Page 1 of 1

RegEx help for links

Posted: Sat May 31, 2003 2:45 pm
by nerd
Hi All....

Hope someone can give me a hand here. I want to do a preg_replace on text as long as it isnt in middle of a hyperlink. Can anyone help on the regex for it?

Code: Select all

$message="some text here and <a href="#">more text</a>";
//replace all text not in middle of a hyperlink
$message=preg_replace('|\b(text)\b|i','replaced',$message);

echo $message;
If you cant do a variable length look behind to see if there is an <a href... then what can be done to ensure that there isnt a </a> before the next <a href...

TIA

*bump*

Posted: Tue Jun 03, 2003 9:26 am
by nerd
Still having probs with this.

whenever I do a preg_replace on the word 'Bob' in the following code:

Code: Select all

$message='Bob is neat as heck <a href="http://www.bob.com">Bobs</a>';

$message=preg_replace('|\b(bob?s)\b|i','Frank',$message); 

echo $message;
It ends up changing the link as well.

What can I do? I dont want to change anything in tags!

TIA

Posted: Tue Jun 03, 2003 9:30 am
by d1223m
what are yuo doing with all the text that isnt inside a href?

perhaps your are looking at the problem the wrong way round.

Posted: Tue Jun 03, 2003 10:33 am
by nerd
Thanks for the reply.

I have a routine that replaces all words in a list with a hyperlink. If a user types 'I like bob' in my forums, it replaces all instaces of Bob with a link that gives them more information on bob.
The problem resides in 2 areas: If bob is in a tag it replaces it... or if bob is ALREADY in a link... it replaces it.

I really need some help in figuring a way around this as it will be the foundation for sponsers on my site (i.e. they pay to be 'auto-linked') whenever their product or company name appears in a post.

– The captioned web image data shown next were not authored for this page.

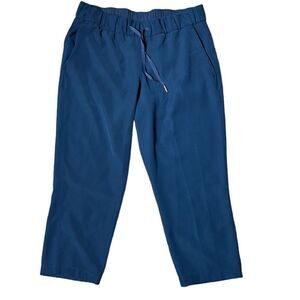 Lululemon women’s  on the fly midrise crop navy 10 lw6avms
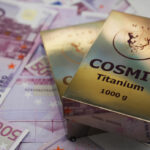 Acte de consignation d’un fait matériel, de la chronologie et du contexte historique.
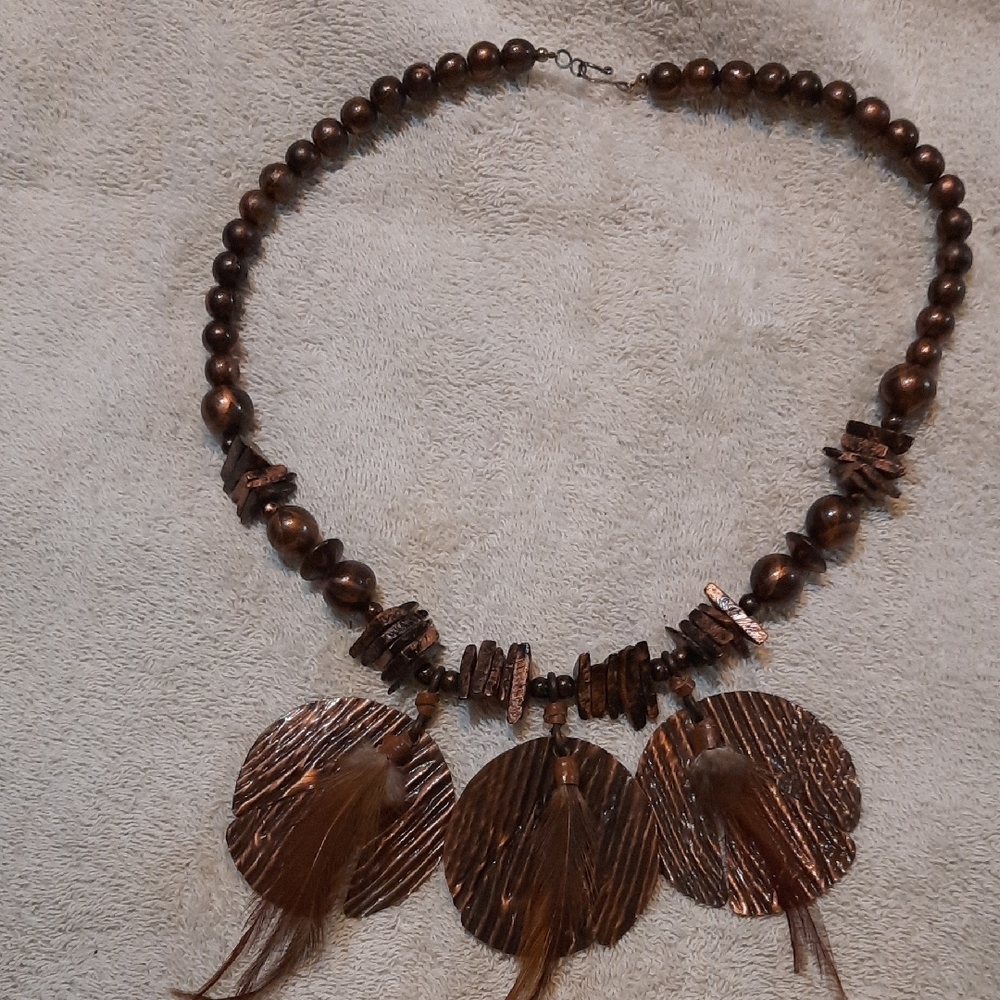 Elegant Brown Feather Necklace - Picture 3 of 3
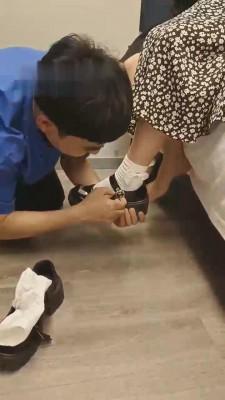 【小猫咪】带素人闺蜜酒店调男友【双视角版】 bf13755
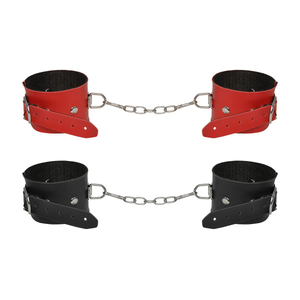 Algema Bracelete Com Corrente Dominatrix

Here is a previous thread that the function was pretty much written in (thanks Jason) -> viewtopic.php?t=9226

Any insight is deeply appreciated

Posted: Tue Jun 03, 2003 10:42 am
by patrikG
Actually, don't look what you don't want, look for what you want.
You want the <a href="abcdefgh.html">...</a> bit and the "..." replaced.

Hence, do it like this:

Code: Select all

<?php
$message='Bob is neat as heck <a href="http://www.bob.com">Bobs</a>';

$message=preg_replace('/(\<a href=".*"\>)(.*)(<\/a>)/i','\1Frank\3',$message);

echo "<xmp>$message</xmp>";
?>
That replaces any text between the <a href=...> and </a> tags with Frank.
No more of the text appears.